İshal ve kusma rahatsızlıklarının diğer sağlık problemlerine de yol açabileceğini ifade eden Düzce Üniversitesi Tıp Fakültesi Hastanesi Enfeksiyon Hastalıkları ve Klinik Mikrobiyoloji Anabilim Dalı Dr. Öğr. Üyesi Bekir Tunca, “Kaybedilen sıvının yerine konulamaması durumunda böbrek fonksiyonlarında bozulma olabilir. Kardiak aritmi özgeçmişi olan hastalarda sıvı ve elektrolit kaybına bağlı olarak taşikardi ve kardiak aritmiler görülebilir.” dedi.
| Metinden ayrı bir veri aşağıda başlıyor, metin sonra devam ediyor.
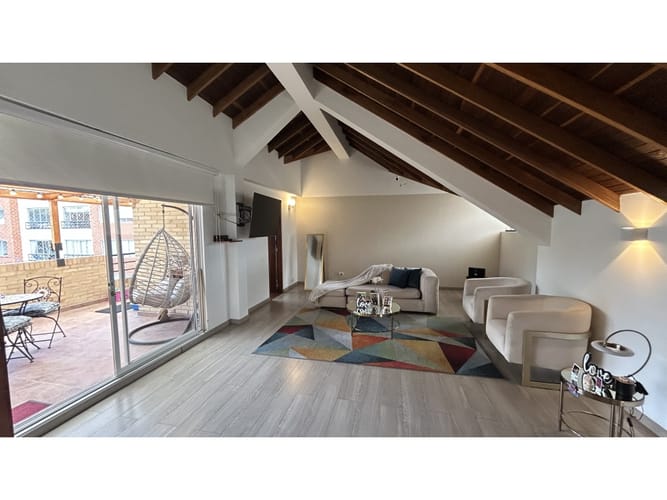 Casa de 4 alcobas en venta en El Estadio, Chía, 300 m² · foto 2 de 24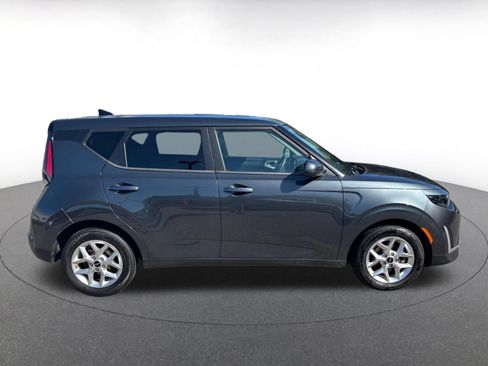 Used 2025 Kia Soul LX w/ LX Technology Package FWD image 15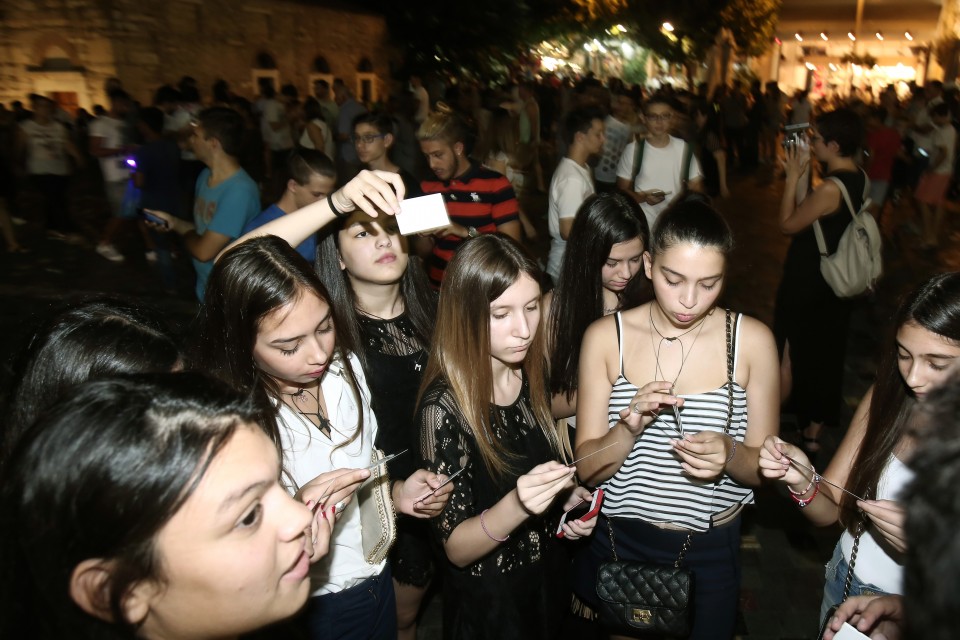 Ôï ðñþôï ìåãÜëï êõíÞãé Ðüêåìïí óôçí ÁèÞíá. ÓÜââáôï 23 Éïõëßïõ 2016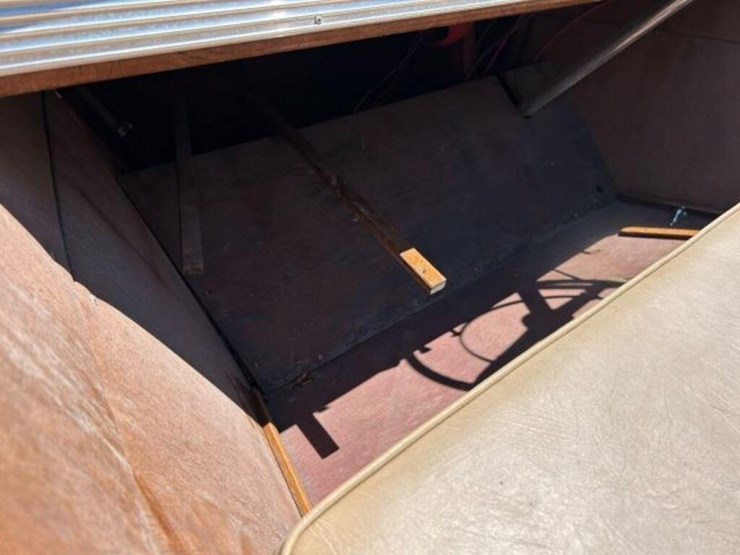 century-antique-wooden-18-ft-power-boat-image-48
İshal ve Kusma Vakalarında Beslenme Düzeni
İshalde başlıca tedavi yönteminin kaybedilen sıvının yerine konulması olduğunu hatırlatan Tunca, “Oral alımı yeterli hastalarda bol su tüketimi önemlidir. Bağırsak florasını düzenlemek için probiyotik olarak yoğurt ve sindirimi kolay haşlanmış patates, muz gibi gıdaların tüketilmesi gereklidir. Mideyi rahatsız edebilecek yağlı, baharatlı yemeklerden kaçınılmalıdır.” diyerek açıklamalarını sonlandırdı.